I segreti sono i ferri del mestiere, che in ogni mestiere sono tutto, e sono preziosi perché si sviluppano strada facendo. Sono dati dalla dedizione, dallo studio, dal tentare di capire in misura sempre maggiore a ogni testo, nella sua interezza e a ogni riga, cosa vuol dire tradurre.  Parafrasando, così per gioco, il famoso titolo di un libro di cucina, si potrebbe parlare dell’arte e della scienza del tradurre. Ma come sa chiunque si dedichi a manipolare una materia, anche quella immateriale delle parole, con le sue regole e con le sue caratteristiche, è l’esperienza – intesa come esperire ogni volta il procedimento, e quindi accettare di percorrerlo –  a creare delle soluzioni, a determinare quel dubbio costante che ti spinge a cercare e cercare ancora, sperando di deporre le armi il meno volte possibile. Per aderire all’idea che ci si forma della scrittura di un dato autore, in questo caso di Hilary Mantel.

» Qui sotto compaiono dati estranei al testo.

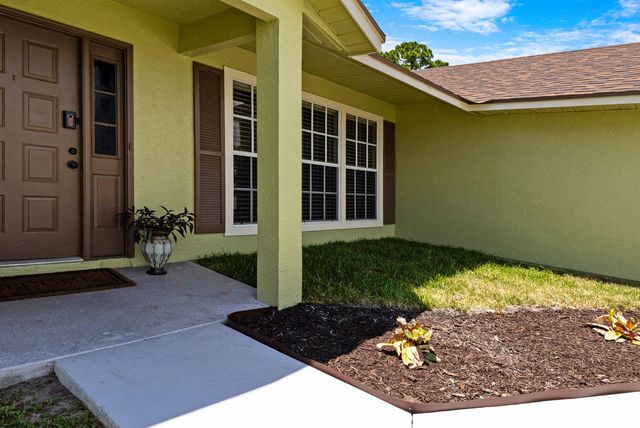 3 of 46 - 574 Sw Fairview Avenue, , FL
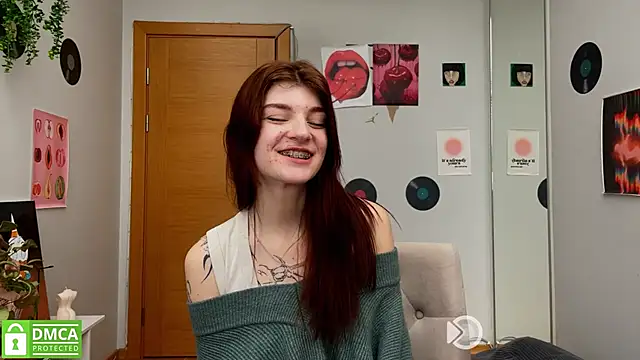 Snapshot of Bunny_ShyGirl chatting on 02.26.25 Bunny ShyGirl online show from 02.26.25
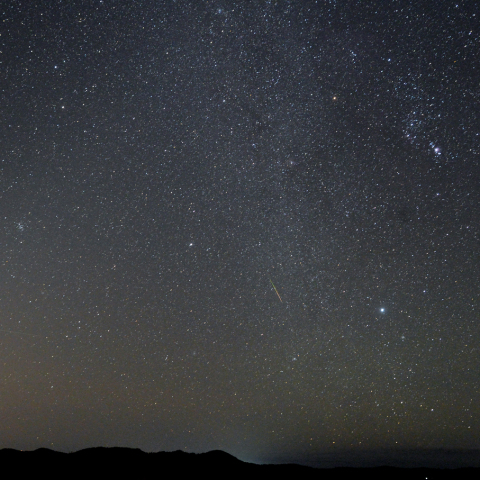 昇る冬の星座と流星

È più complicato e complesso come traduttrice stare dietro a una trilogia corposa e imponente come quella dei Tudor e della rivoluzione francese, o tradurre un romanzo come Un esperimento d’amore, che è stato scritto tanto tempo prima rispetto alla traduzione? Ricordo a questo proposizione, che il terzo volume della trilogia dei Tudor è completato da Hilary Mantel dopo circa dieci anni dai due precedenti.

La difficoltà, in questi casi, non sta nel tempo. Perché, vorrei aggiungere, il traduttore deve attrezzarsi per viaggiare anche nel tempo. Le difficoltà sono diverse, dovute, nel primo caso, sia all’impostazione storica, che obbliga a riscontri puntuali sui testi, sia alla mole delle pagine, che obbliga invece a operare scelte tenendo conto dell’architettura immensa dell’opera. Nel secondo caso, le difficoltà sono più legate alla scelta di quelle formulazioni, e dunque di quell’andamento ritmico, che sia in grado di aderire al portato emotivo di quanto viene raccontato. L’amore, in generale, è un argomento spinoso, e anche in questo testo le spine pungono e lasciano tracce di sangue.

C’è qualcosa in Un esperimento d’amore che non ti aspettavi da Hilary Mantel?

Da lei, come ho già detto, mi aspetto di essere stupita e quindi di incontrare quel che non mi aspetto. Ogni sorpresa infatti non è che la conferma della sua abilità di scrittrice. Non mi aspetterei il battere percorsi già noti, l’adottare prospettive già conosciute; e anche questa volta non è accaduto. Ha ricostruito i rapporti fra le donne di varie età che abitano il libro con l’incisività, il bisturi, l’assenza di sentimentalismo che mi aspettavo da lei. E non ha risparmiato scene amare, poco consolatorie come è giusto che sia, se ci si vuole misurare con l’aspra, contraddittoria materia di cui siamo fatti, e con le lotte che ogni donna deve affrontare se ha bisogno di uscire dagli schemi prefissati.

C’è un momento, quasi all’inizio del romanzo, in cui è particolarmente evidente l’aderenza perfetta e piena tra testo e traduzione:

In particolare: il gesso odora di gelso, oppure nella mia testa la parola gesso è uguale alla parola gelso per via della consistenza sonora, morbida e granulosa.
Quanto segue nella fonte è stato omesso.